BRIEF:
Return exactly, please, the lines from the one containing "pink feature wall" to the last line of the entries below, and nothing else, leaving pictures out.

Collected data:

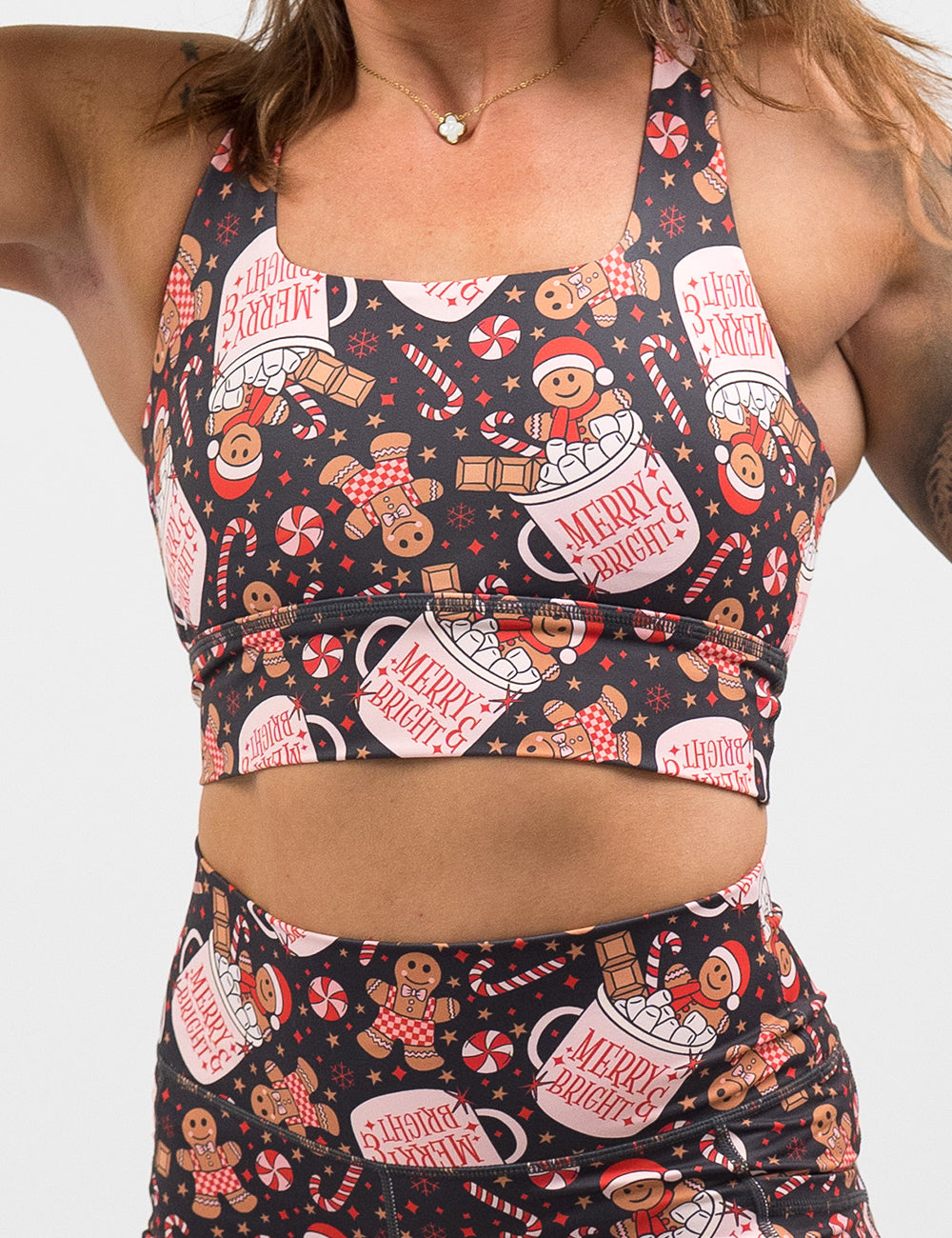 front of the Christmas-themed bra with gingerbread men and candy canes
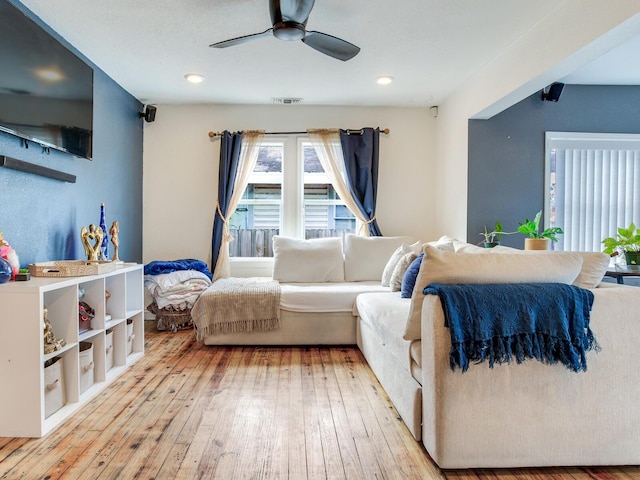 living room with ceiling fan and light hardwood / wood-style flooring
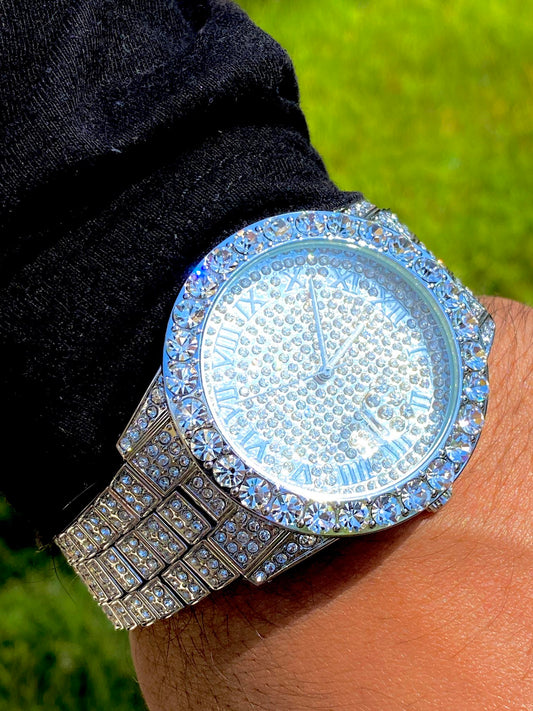 Silver iced-out watch with Roman numeral pavé dial and diamond bracelet – luxury streetwear timepiece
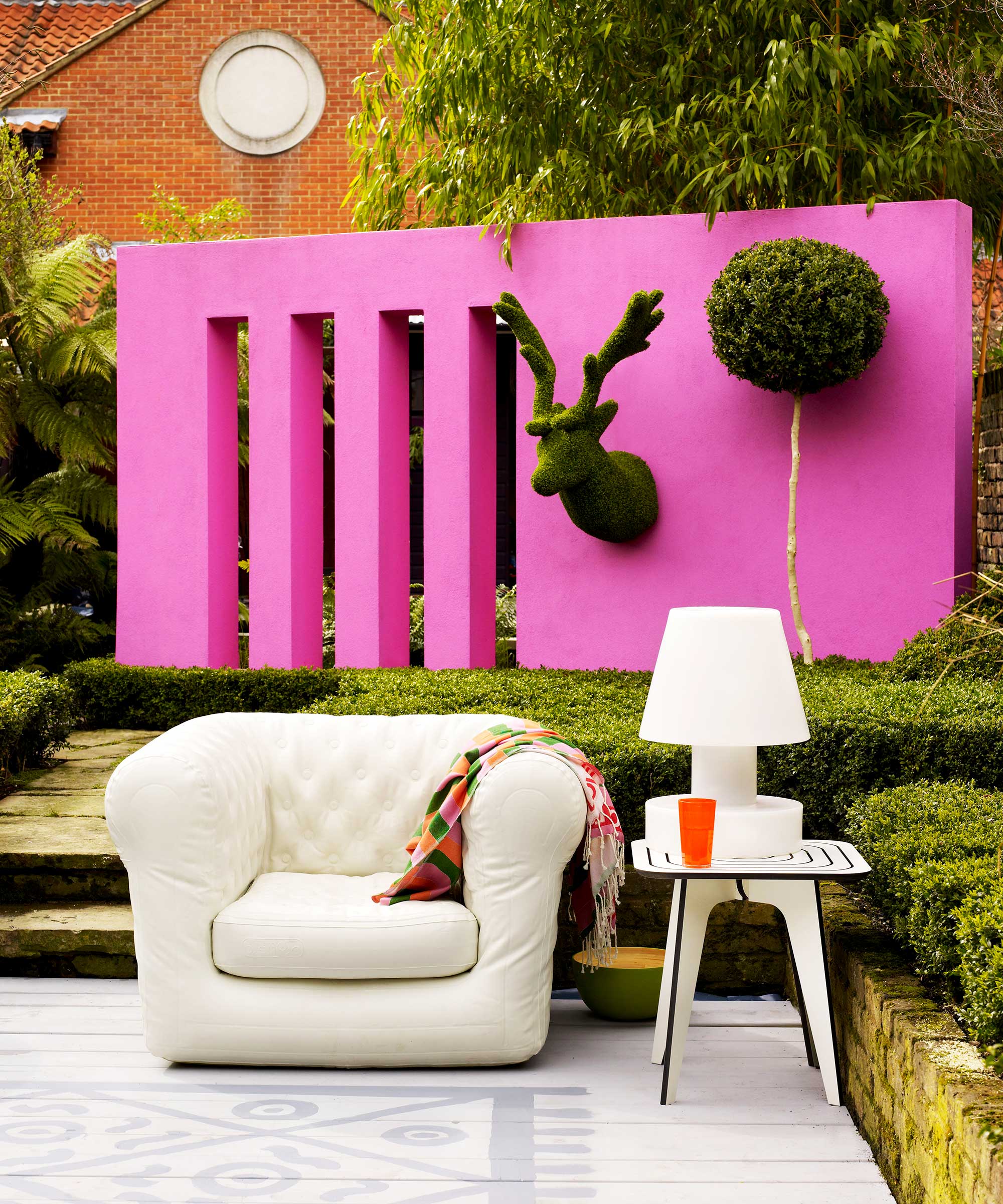 pink feature wall with animal topiary in modern garden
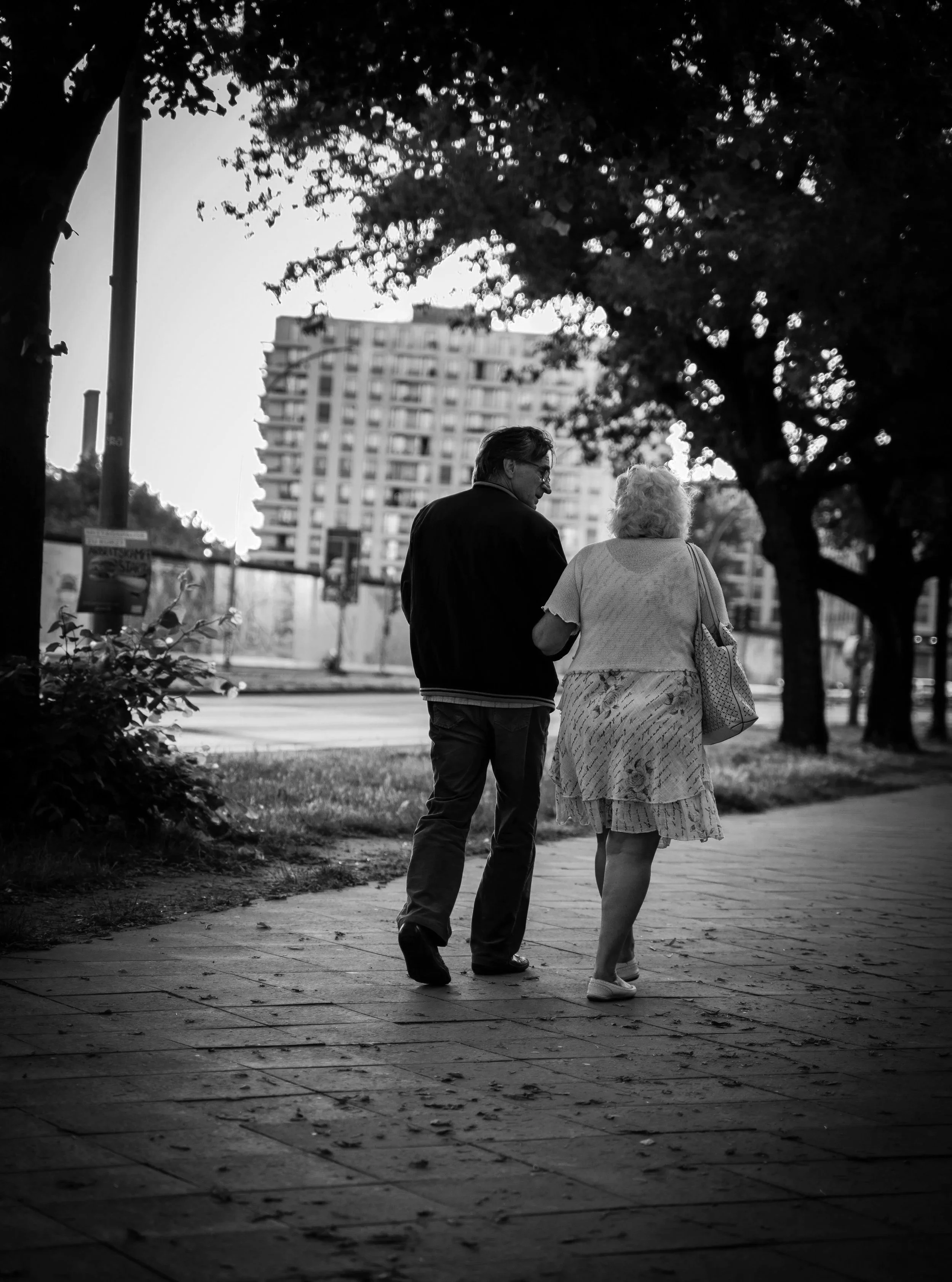 A black-and-white photo of an elderly woman and a middle-aged man walking together on a city sidewalk, surrounded by trees and buildings.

ANSWER AREA:
 pink feature wall with animal topiary in modern garden
 A black-and-white photo of an elderly woman and a middle-aged man walking together on a city sidewalk, surrounded by trees and buildings.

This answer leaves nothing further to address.